The response should be the data again, identical in every line.

_EXERCISE INPUT_:
* * * * * * *
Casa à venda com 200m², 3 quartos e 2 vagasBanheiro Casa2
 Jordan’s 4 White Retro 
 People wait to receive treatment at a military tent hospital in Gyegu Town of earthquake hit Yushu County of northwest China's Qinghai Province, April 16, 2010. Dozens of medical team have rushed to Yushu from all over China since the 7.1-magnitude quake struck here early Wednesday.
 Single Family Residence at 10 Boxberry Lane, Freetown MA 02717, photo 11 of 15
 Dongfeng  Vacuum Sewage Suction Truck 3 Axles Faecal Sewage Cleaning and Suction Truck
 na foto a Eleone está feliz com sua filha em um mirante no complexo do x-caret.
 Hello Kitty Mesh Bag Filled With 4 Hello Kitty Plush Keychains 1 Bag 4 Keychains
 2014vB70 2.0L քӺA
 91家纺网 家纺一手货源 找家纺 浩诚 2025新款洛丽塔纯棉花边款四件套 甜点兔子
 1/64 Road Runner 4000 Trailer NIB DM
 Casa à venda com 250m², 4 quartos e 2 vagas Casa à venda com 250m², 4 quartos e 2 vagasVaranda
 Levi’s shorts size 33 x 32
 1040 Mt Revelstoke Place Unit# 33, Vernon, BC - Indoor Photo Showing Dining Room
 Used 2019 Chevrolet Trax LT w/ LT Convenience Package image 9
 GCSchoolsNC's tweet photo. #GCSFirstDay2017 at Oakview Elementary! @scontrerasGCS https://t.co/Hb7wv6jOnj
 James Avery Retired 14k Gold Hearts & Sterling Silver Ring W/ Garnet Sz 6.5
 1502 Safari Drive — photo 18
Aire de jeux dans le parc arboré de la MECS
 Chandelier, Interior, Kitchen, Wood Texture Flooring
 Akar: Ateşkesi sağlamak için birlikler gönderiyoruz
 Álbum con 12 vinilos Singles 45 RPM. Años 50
* * * * * * *
_RESPONSE AREA_:
Casa à venda com 200m², 3 quartos e 2 vagasBanheiro Casa2
 Jordan’s 4 White Retro 
 People wait to receive treatment at a military tent hospital in Gyegu Town of earthquake hit Yushu County of northwest China's Qinghai Province, April 16, 2010. Dozens of medical team have rushed to Yushu from all over China since the 7.1-magnitude quake struck here early Wednesday.
 Single Family Residence at 10 Boxberry Lane, Freetown MA 02717, photo 11 of 15
 Dongfeng  Vacuum Sewage Suction Truck 3 Axles Faecal Sewage Cleaning and Suction Truck
 na foto a Eleone está feliz com sua filha em um mirante no complexo do x-caret.
 Hello Kitty Mesh Bag Filled With 4 Hello Kitty Plush Keychains 1 Bag 4 Keychains
 2014vB70 2.0L քӺA
 91家纺网 家纺一手货源 找家纺 浩诚 2025新款洛丽塔纯棉花边款四件套 甜点兔子
 1/64 Road Runner 4000 Trailer NIB DM
 Casa à venda com 250m², 4 quartos e 2 vagas Casa à venda com 250m², 4 quartos e 2 vagasVaranda
 Levi’s shorts size 33 x 32
 1040 Mt Revelstoke Place Unit# 33, Vernon, BC - Indoor Photo Showing Dining Room
 Used 2019 Chevrolet Trax LT w/ LT Convenience Package image 9
 GCSchoolsNC's tweet photo. #GCSFirstDay2017 at Oakview Elementary! @scontrerasGCS https://t.co/Hb7wv6jOnj
 James Avery Retired 14k Gold Hearts & Sterling Silver Ring W/ Garnet Sz 6.5
 1502 Safari Drive — photo 18
Aire de jeux dans le parc arboré de la MECS
 Chandelier, Interior, Kitchen, Wood Texture Flooring
 Akar: Ateşkesi sağlamak için birlikler gönderiyoruz
 Álbum con 12 vinilos Singles 45 RPM. Años 50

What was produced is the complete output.